Segment Start: Data

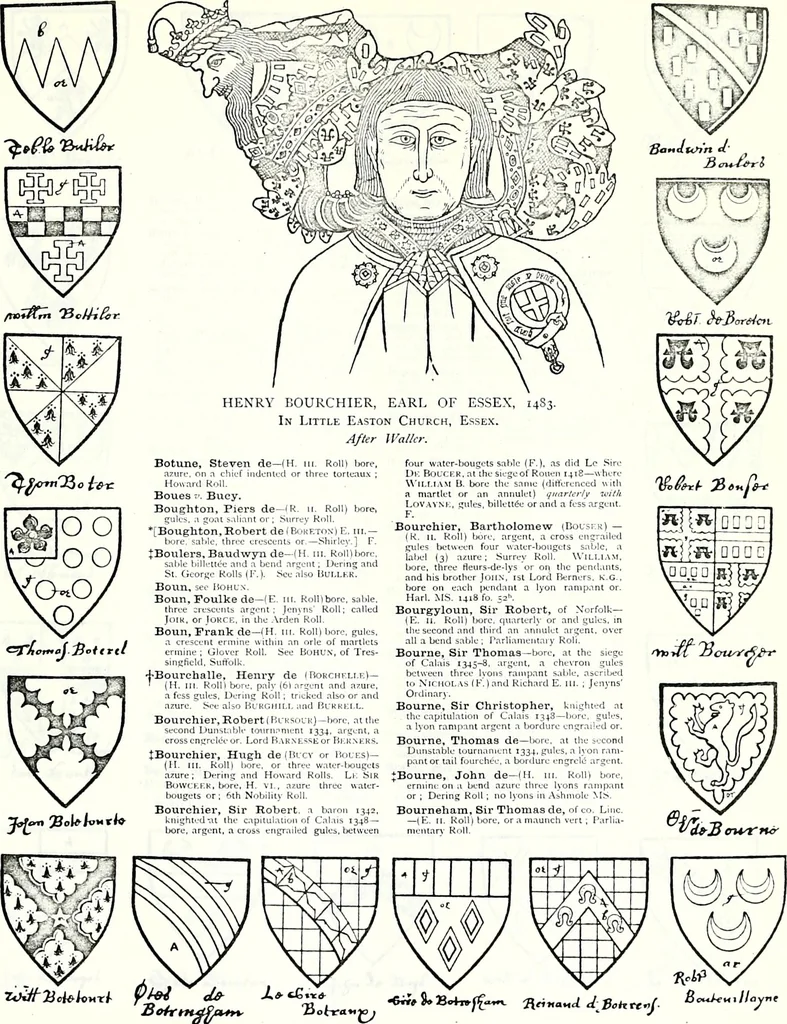 An illustration from Some feudal coats of arms and others, illustrated with 2,000 zinco etchings from the Bayear tapestry, Greek vases, seals, tiles, effigies, brasses and heralcic rolls. Some chart pedigrees, 1902, leaf 136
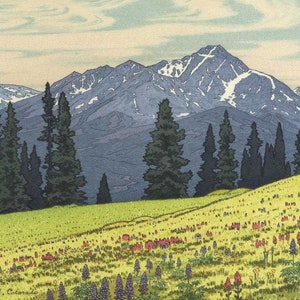 Japanese Art Print &quot;Mt. Holly Cross, Vail, Colorado&quot; by Yoshida Toshi, woodblock, giclée, print, American, mountain, prairie, flowers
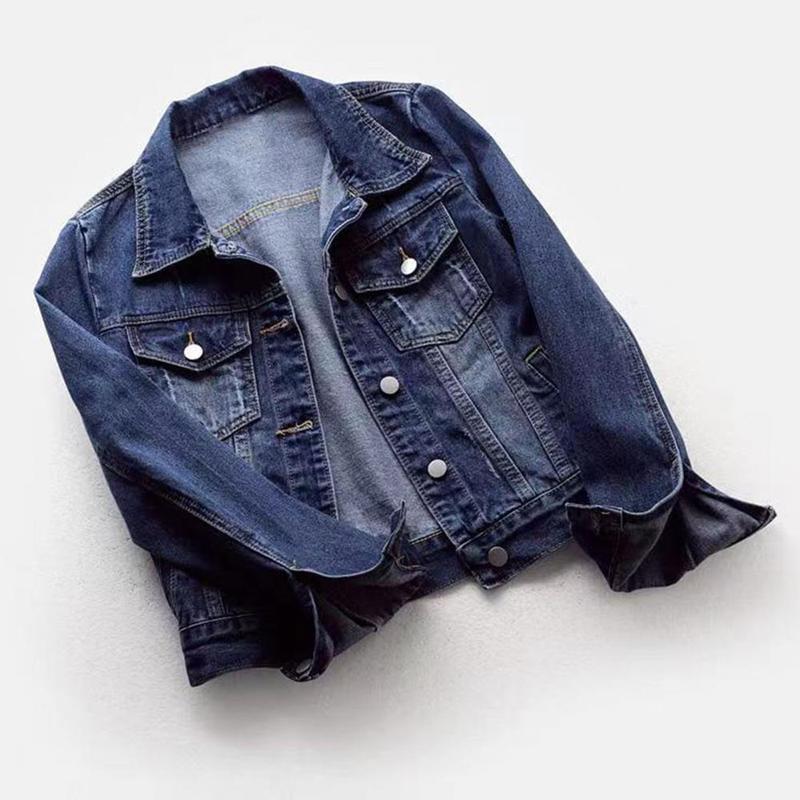 Product Introduction of Women Denim Jacket Single-breasted Chest Flap Pocket Jacket Long Sleeve Slim Short Coat Retro Ladies Denim Jackets Outerwear 4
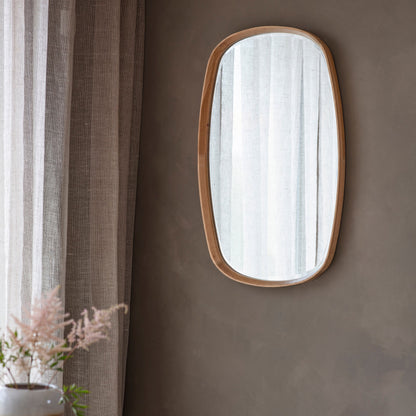 Amos Solid oak ellipse mirror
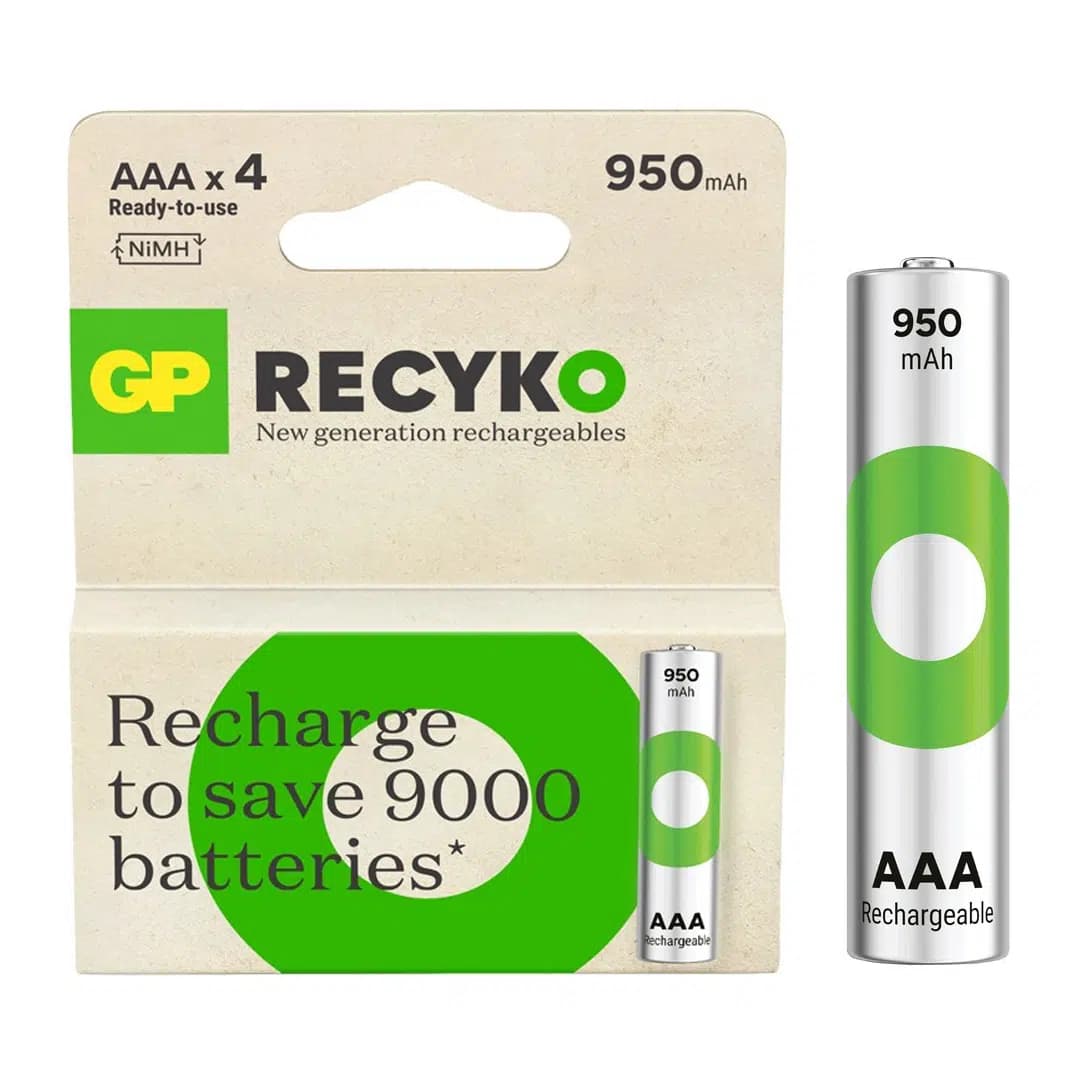 GP Recyko 950mAh Ni-MH AAA Şarjlı İnce Kalem Pil 4'lü Paket - Seyyar Elektronik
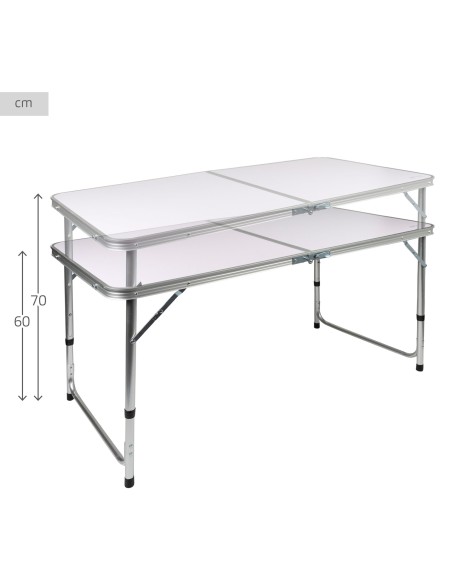 Mesa dobrável ajustável em altura com bancos | Distria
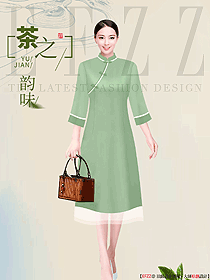 墨綠色民族風茶藝師服裝設計定制效果圖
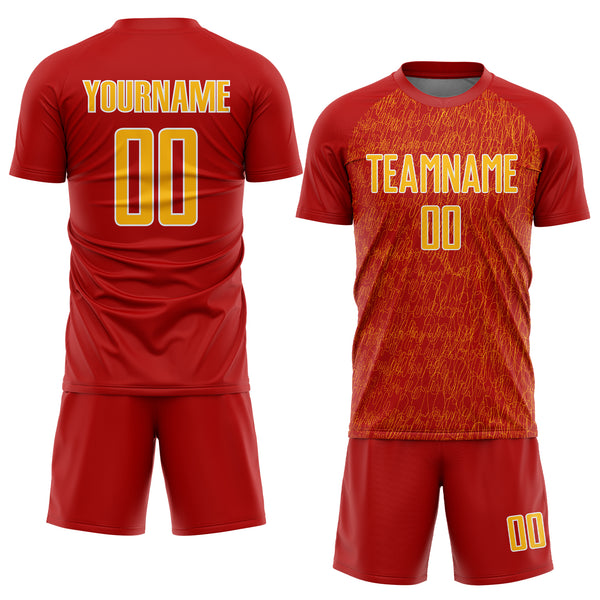 Custom Red Gold-White Abstract Scribble Curve Line Pattern Sports Sublimation Soccer Uniform Jersey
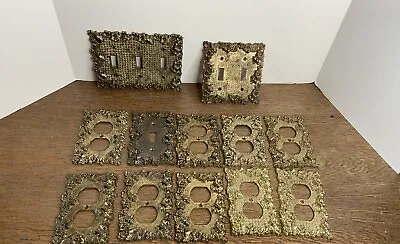 Vintage American Tack  Metal Outlet Light Switch Plate Cover Gold Flowers Lot 12 • $311.10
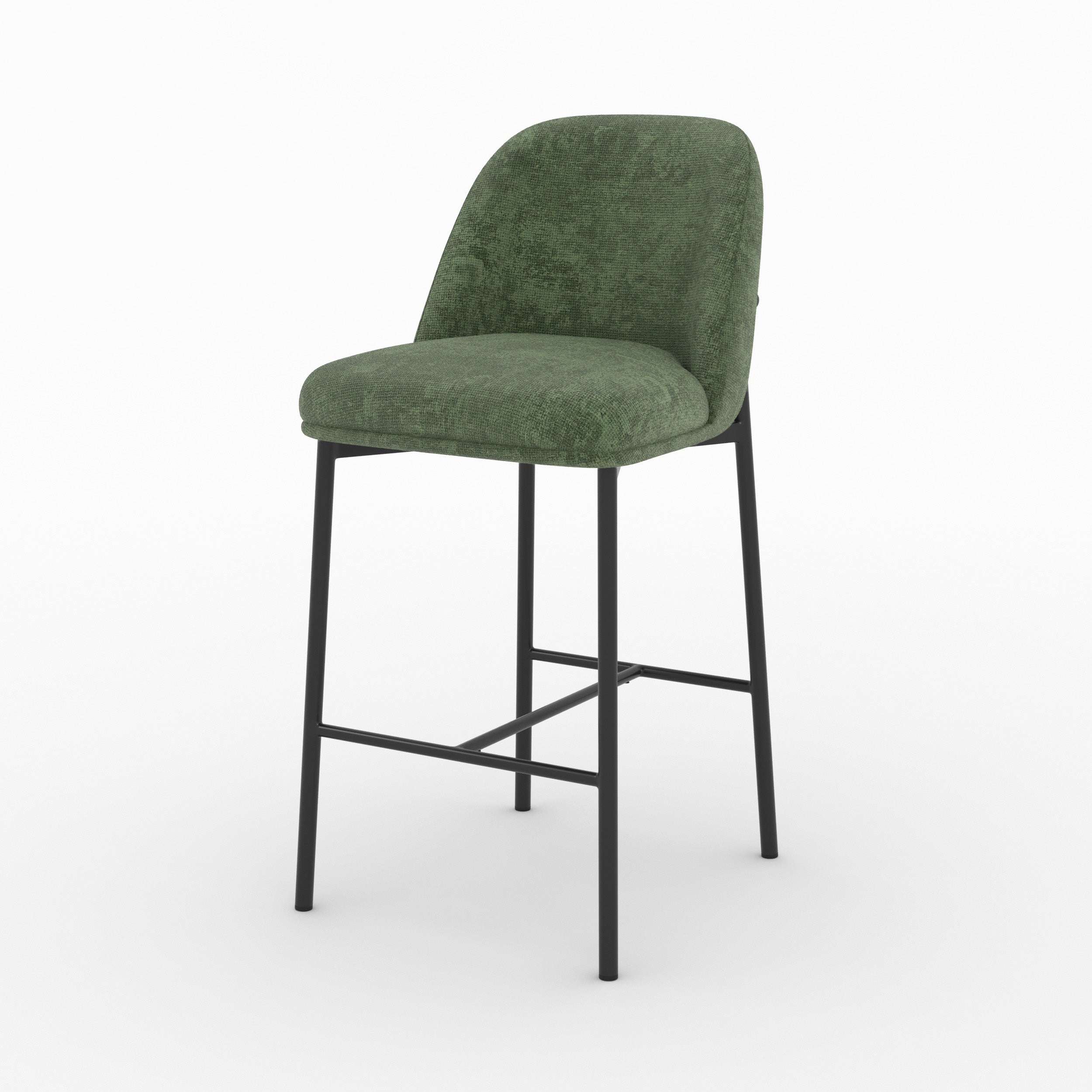 Chaise pour îlot central Noah en tissu vert sapin, vue de trois quarts - Maison Pavane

Segment End: Data

**Exercise goal**.
All lines above from the one containing "Mesa dobrável ajustável" up to and including the one containing "Vintage American Tack" are to be set down exactly, and nothing else. Leave images out.

**Result for this task**.
 Mesa dobrável ajustável em altura com bancos | Distria
 墨綠色民族風茶藝師服裝設計定制效果圖
 Custom Red Gold-White Abstract Scribble Curve Line Pattern Sports Sublimation Soccer Uniform Jersey
 Vintage American Tack  Metal Outlet Light Switch Plate Cover Gold Flowers Lot 12 • $311.10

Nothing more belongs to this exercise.